Ich habe die Lehrjahre gelesen, nachdem ich den unvollendeten „Urmeister“, die Theatralische Sendung, gelesen habe. Das machte den ersten Teil des Romans für mich etwas unspannend, aber das lag definitiv nicht am Roman. Goethe arbeitet hier sehr stark mit Perspektiven. Hauptsächlich wird aus der Sicht des Wilhelm Meisters geschrieben, allerdings mit einer gewissen ironischen Distanz. Aber – was auf mich recht ungewöhnlich schien – es werden immer wieder Einblicke in das Leben und Denken gerade der Frauen gegeben, denen er begegnet. Teilweise nehmen diese sogar den Umfang eines Romans im Roman ein. Dabei ist der Roman erstaunlich offen. Keine der Frauen wird wegen ihres liederlichen Lebenswandels verdammt, jede hat unterschiedliche Anlagen und Bedürfnisse. Natürlich sieht Goethe den besten Wirkungskreis der Frau im Haus und seiner Bewirtschaftung, aber eher mit dem neidischen Blick des Mannes, der gezwungen ist, seinen Blick „immer nach vorne“ zu richten und leider selten so an der Umwelt teilnehmen kann wie die Frau. Und dieser Wirkungskreis ist auch kein Muss. Es wird klar, dass die weiblichen Charaktere unterschiedliche Anlagen und Wünsche haben. In dem Roman haben die unterschiedlichsten Menschen Platz: Traumatisierte, Gefallene, Händler, Grafen, Schauspieler – immer das weibliche Pendant mitgedacht. Sie sind liebevoll beschrieben. Ich fand es gut, dass die Erzählung nicht so fixiert war wie die im Werther. Natürlich muss man die Figuren im Kontext der Zeit lesen, aber wenn man es tut, sind sie auch für den heutigen Leser psychologisch nachvollziehbar.
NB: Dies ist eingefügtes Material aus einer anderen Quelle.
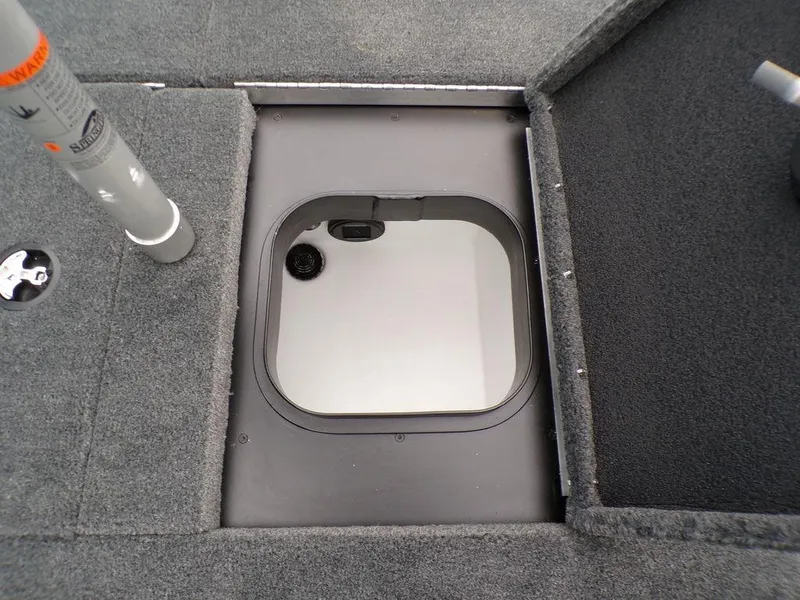 Slide: The Image of 2025 Skeeter ZXR21 boat storage compartment with gray carpeted interior. - 16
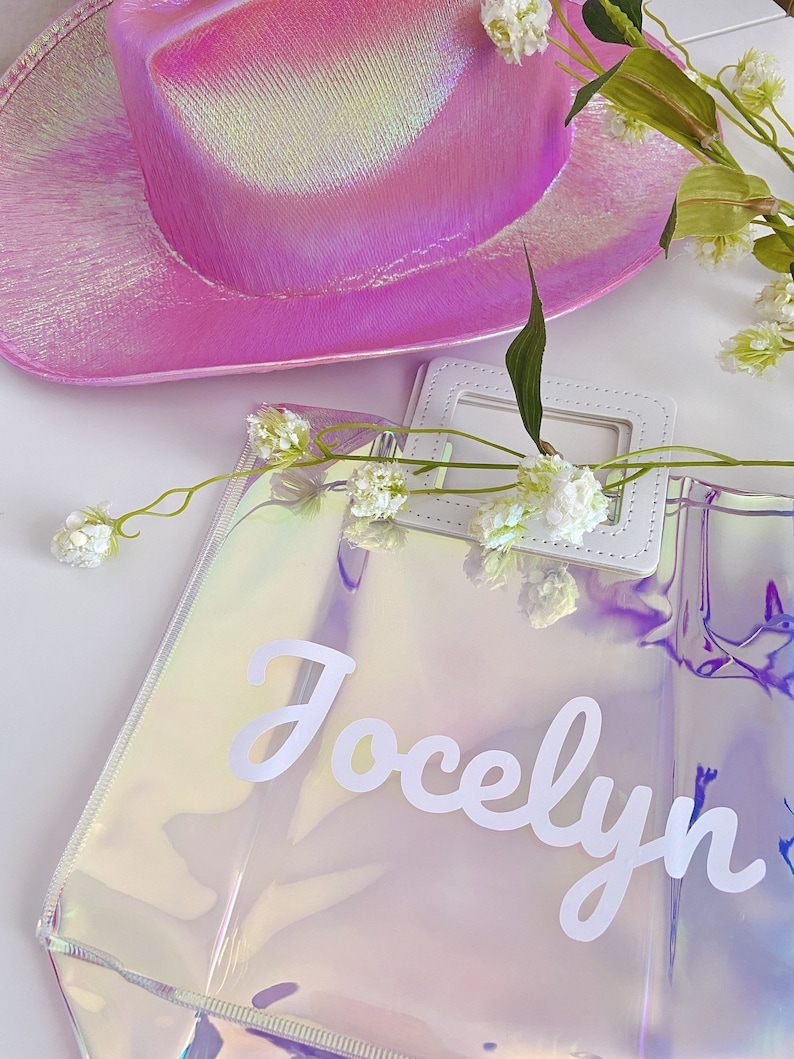 May include: A clear iridescent tote bag with a white handle and the name "Jocelyn" written in white cursive letters. The bag is sitting on a white surface with a pink iridescent cowboy hat and white flowers.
In der ersten Hälfte der Erzählung haben mich die theoretischen Abhandlungen des Theaters etwas genervt, aber die Handlung steht immer im Vordergrund. Zwischendurch wird sie sogar immer wieder richtig spannend. Zum Schluss sind es gerade die Beziehungsverwicklungen, die die Handlung vorpreschen lassen.

Fazit: Die Lehrjahre sind spannend, nachvollziehbar und erstaunlich modern. Die Lebensentwürfe, die aufeinanderprallen, kann der interessierte Leser noch heute verstehen und seine Lehren daraus ziehen.